*What is needed:*
Give back each line of the data exactly as it reads, minus the pictures.

[Dataset section Boundary: Start]

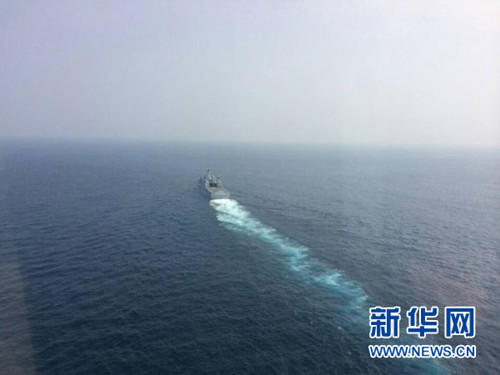 井冈山舰抵达失联海域与绵阳舰组成编队展开搜救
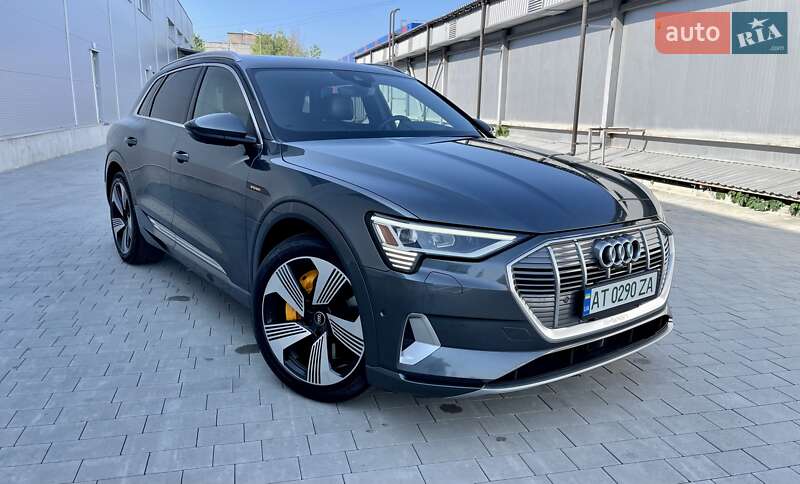 Audi E-tron (2019)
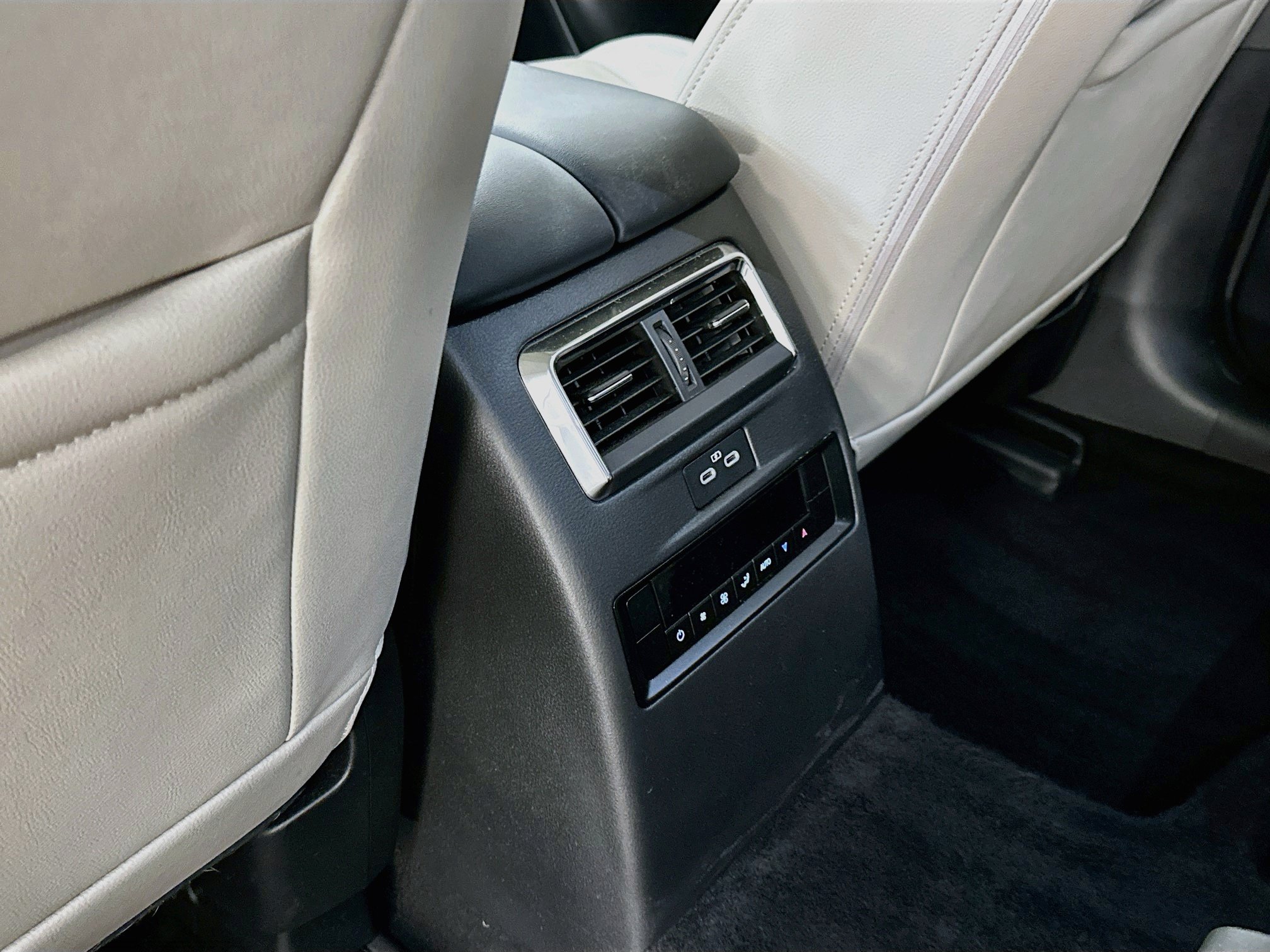 Used 2024 MAZDA CX-90 Plug-In Hybrid w/ Premium Pkg AWD/4WD image 29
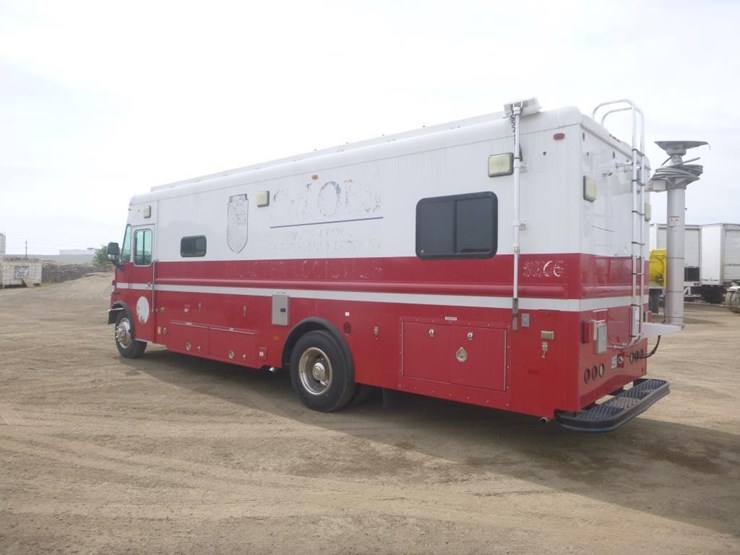 2005-freightliner-mt55-image-4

[Dataset section Boundary: End]

*Answer to the exercise:*
 井冈山舰抵达失联海域与绵阳舰组成编队展开搜救
 Audi E-tron (2019)
 Used 2024 MAZDA CX-90 Plug-In Hybrid w/ Premium Pkg AWD/4WD image 29
 2005-freightliner-mt55-image-4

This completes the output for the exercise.